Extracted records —
········
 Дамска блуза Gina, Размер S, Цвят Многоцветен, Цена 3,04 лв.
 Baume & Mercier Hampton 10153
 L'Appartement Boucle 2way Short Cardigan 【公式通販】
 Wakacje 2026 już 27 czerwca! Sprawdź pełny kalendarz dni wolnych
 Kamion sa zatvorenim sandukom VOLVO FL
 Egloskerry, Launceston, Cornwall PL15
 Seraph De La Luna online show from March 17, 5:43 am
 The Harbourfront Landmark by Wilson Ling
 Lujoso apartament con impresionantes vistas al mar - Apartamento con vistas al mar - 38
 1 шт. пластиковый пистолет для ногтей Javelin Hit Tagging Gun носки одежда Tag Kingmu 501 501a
········
How to complete this task —
Print the first line of the records above and each line after it, exactly, through the line with "The Harbourfront Landmark by Wilson Ling".

Solution to this exercise —
 Дамска блуза Gina, Размер S, Цвят Многоцветен, Цена 3,04 лв.
 Baume & Mercier Hampton 10153
 L'Appartement Boucle 2way Short Cardigan 【公式通販】
 Wakacje 2026 już 27 czerwca! Sprawdź pełny kalendarz dni wolnych
 Kamion sa zatvorenim sandukom VOLVO FL
 Egloskerry, Launceston, Cornwall PL15
 Seraph De La Luna online show from March 17, 5:43 am
 The Harbourfront Landmark by Wilson Ling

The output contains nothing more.